Platformization in a legacy industry

This development reflects a broader pattern: legacy industrial sectors adopting platform and consortium models long used in enterprise software and cloud infrastructure. Rather than vertical, fully proprietary stacks, the industry is experimenting with shared cores plus differentiated layers above them.


Points of uncertainty and tension

Defining “non-differentiating” software

While participants broadly agree on the principle, the boundary is inherently subjective. Middleware, tooling, or even certain system services may be viewed as strategic by some players and commoditized by others. Managing this tension will be an ongoing challenge.

Safety, liability, and certification

Open-source software in safety-critical systems raises questions about:

  • responsibility for certification artifacts,
  • accountability in the event of defects,
  • and how updates are validated across multi-supplier stacks.

Although the initiative stresses “automotive-grade” quality, these issues are complex and unresolved at scale.

Governance and influence

With more than 30 companies involved, decision-making can become slow, and influence imbalances may emerge. Large OEMs, major suppliers, or platform vendors could shape roadmaps in ways that smaller participants find difficult to counter.

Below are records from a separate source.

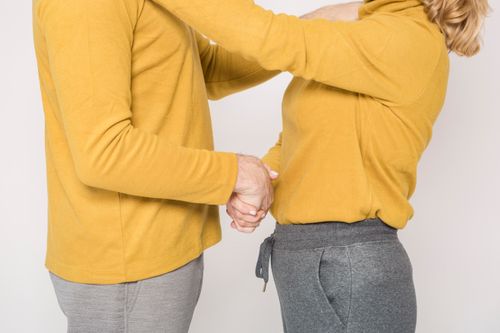 Free Elderly couple indoors, wearing yellow clothing, expressing love and togetherness. Stock Photo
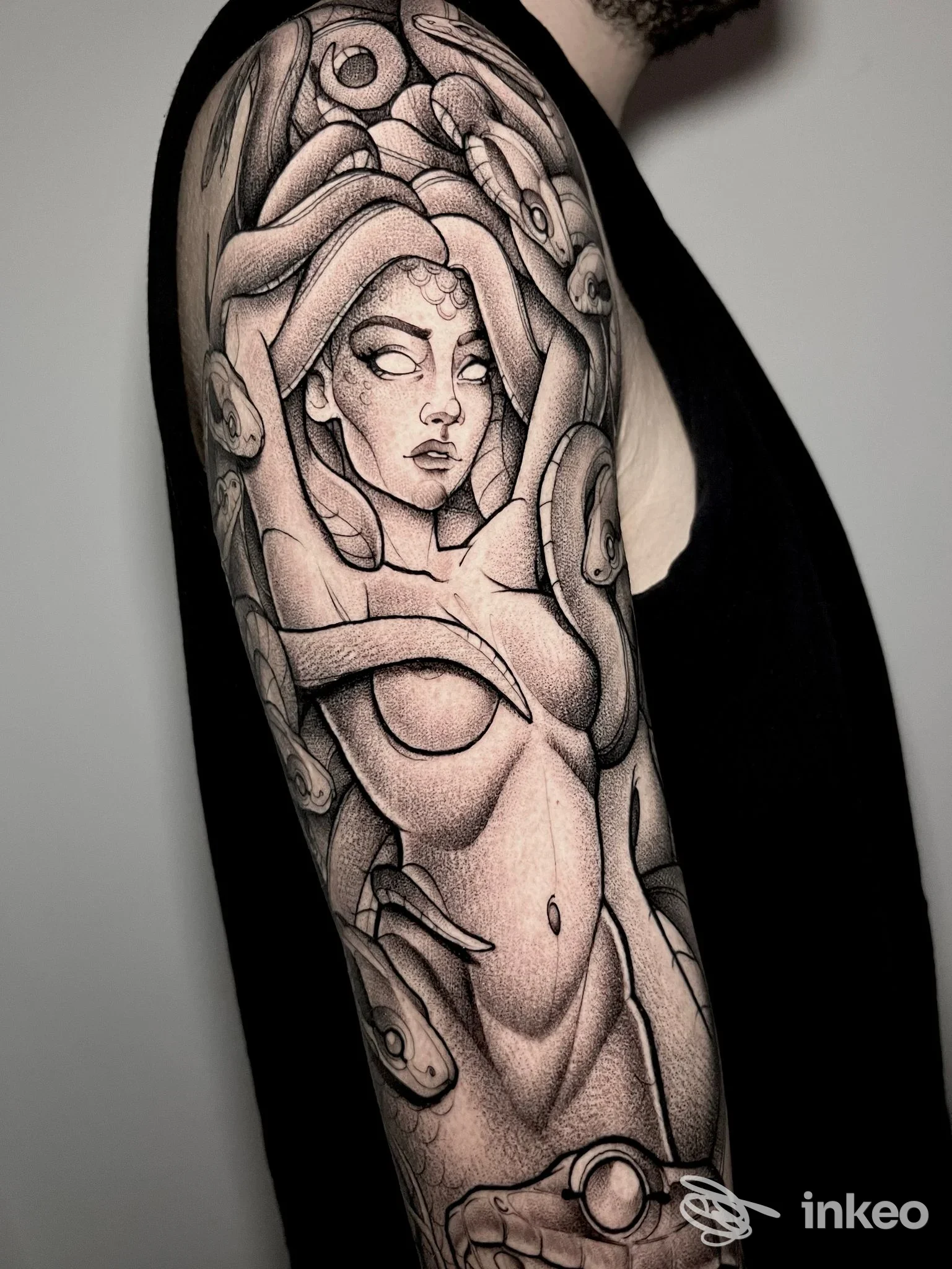 Tattoo a braccio su pelle nera, raffigurante una donna stilizzata circondata da elementi ornamentali, eseguito in tonalità nere e grigie; foto priva di sovrimpressioni o elementi di testo.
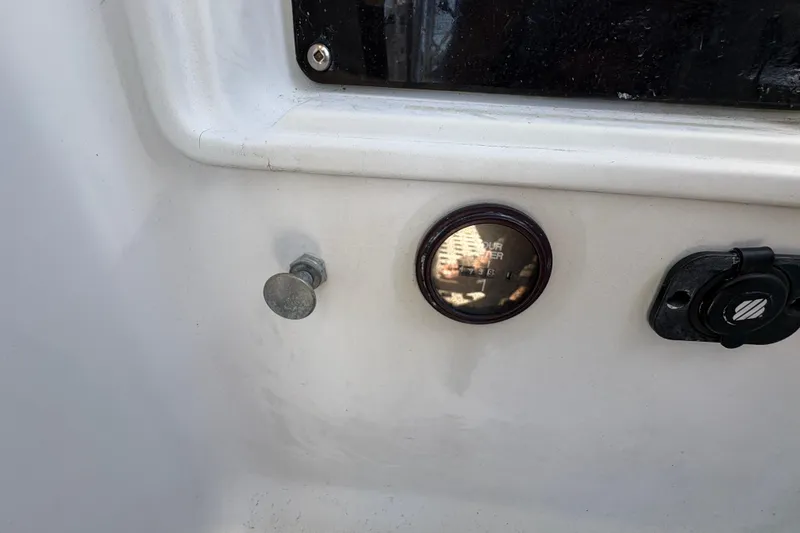 Slide: The Image of Close-up of Beneteau Oceanis 500 yacht dashboard, featuring a gauge and controls, 1990 model. - 49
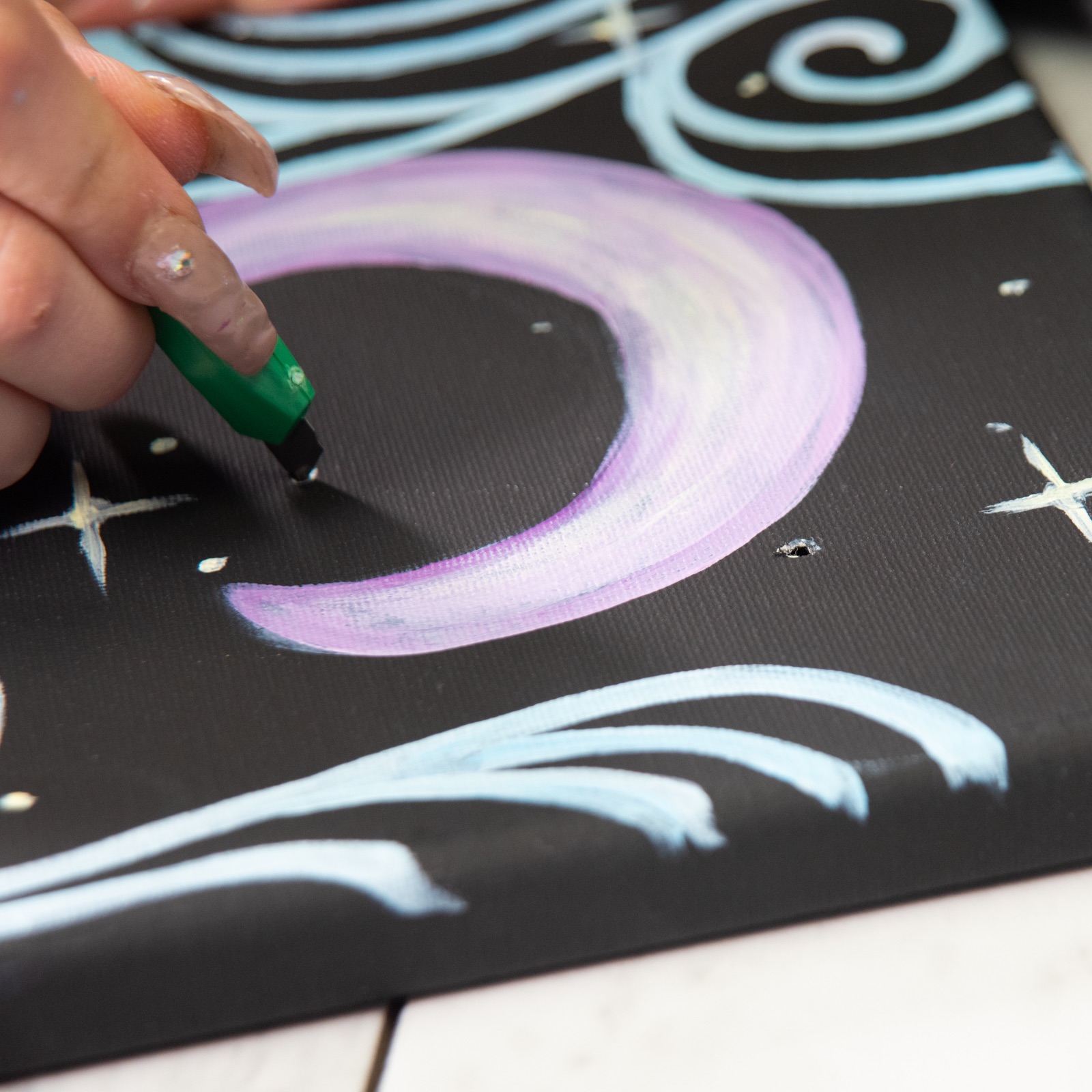 make holes in the canvas to add fairy lights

Competition and regulatory optics

The collaboration is framed as pre-competitive, but large-scale cooperation among direct competitors always carries latent antitrust sensitivities, depending on scope and information sharing. No regulatory intervention has been reported in the last 14 days, but governance discipline will matter.


Broader industry context

CES 2026 as a signaling moment

The timing aligns with a wave of CES messaging around software, AI, and digital platforms in vehicles. Suppliers such as Bosch have publicly reinforced expectations of strong growth in software and services revenue, underlining why shared cost structures are increasingly attractive.

European coordination with global reach

VDA’s involvement highlights a European coordination angle, but the participant list is global. This suggests the initiative is less about regional standard-setting and more about aligning the entire automotive value chain around common software foundations.


Outlook

In the near term, the significance of this expanded pact will depend less on headline membership numbers and more on execution:

  • the maturity and adoption of shared software components,
  • visible use in real vehicle programs,
  • and the ability of participants to balance openness with competitive differentiation.

Regardless of outcome, the expansion itself is a clear signal that software collaboration has moved from experiment to necessity in the automotive industry.